Cells in the CNS can be divided into two general types—neurons and neuroglia. Neurons constitute the basic unit for neural communication and are the primary target of psychotropic agents. Neuroglia are considered primarily supportive (e.g., provide regulatory and metabolic functions and structural support) but also have an increasingly recognized role in modulating neural communication. Some estimates suggest that brain volume is somewhat evenly divided between neurons and neuroglia, although neuroglia out number neurons in some brain areas by 10:1.


Neurons are responsible for most communication and information processing in the nervous system. Neurons can be small, less than 1 mm, or very large, up to 1 m in length.

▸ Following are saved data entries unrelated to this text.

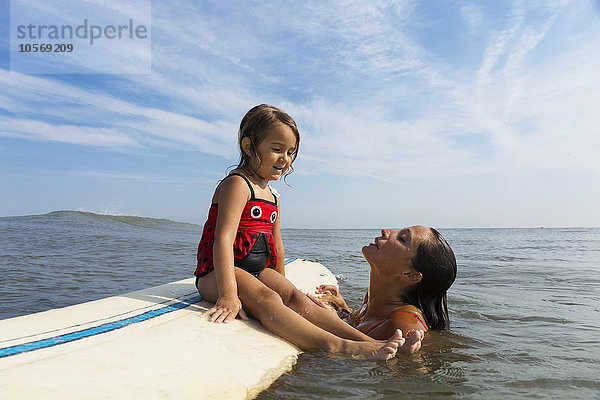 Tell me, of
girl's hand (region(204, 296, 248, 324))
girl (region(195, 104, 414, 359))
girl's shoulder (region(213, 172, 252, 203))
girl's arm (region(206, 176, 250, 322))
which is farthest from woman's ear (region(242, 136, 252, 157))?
girl's hand (region(204, 296, 248, 324))

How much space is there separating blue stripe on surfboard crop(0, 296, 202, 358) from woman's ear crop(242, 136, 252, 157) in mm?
1007

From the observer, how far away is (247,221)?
2.65 metres

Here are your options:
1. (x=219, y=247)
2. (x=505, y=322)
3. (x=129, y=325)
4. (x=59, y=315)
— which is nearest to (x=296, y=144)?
(x=219, y=247)

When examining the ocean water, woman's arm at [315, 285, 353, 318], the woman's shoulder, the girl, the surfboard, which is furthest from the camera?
woman's arm at [315, 285, 353, 318]

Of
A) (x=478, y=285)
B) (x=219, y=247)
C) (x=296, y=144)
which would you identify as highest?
(x=296, y=144)

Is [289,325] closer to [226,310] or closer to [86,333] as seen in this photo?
[226,310]

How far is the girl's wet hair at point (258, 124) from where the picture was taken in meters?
2.64

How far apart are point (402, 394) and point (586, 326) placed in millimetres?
2157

There are numerous ways to classify neurons, but one approach useful for psychopharmacologists classifies neurons into three general groups according to their relative size and functional characteristics.


The principal parts of an idealized neuron are shown in Figure 2.1.

Spinal Cord Motorneuron
Figure 2.1: A spinal cord motorneuron. From Feldman and Quenzer (1984).

Not shown in the figure are a number of organelles that make necessary contributions to cell function. Some of these structures are found in all cells, while others are unique to neurons.

Neuroglial Cells

Unlike neurons, neuroglia continue to divide and multiple throughout the life of the organism. Traditionally glial cells were thought to provide mainly a supportive function (e.g., structural support), but there is now evidence that they also participate in metabolic processes and provide important regulatory functions for neuronal activity (e.g., absorb excess K+). Because of their ability to multiply, the role of glial cells in response to injury has long been recognized. This same ability to multiply may also give glial cells a role in long-term neuroadaptive effects (e.g., pharmacological tolerance).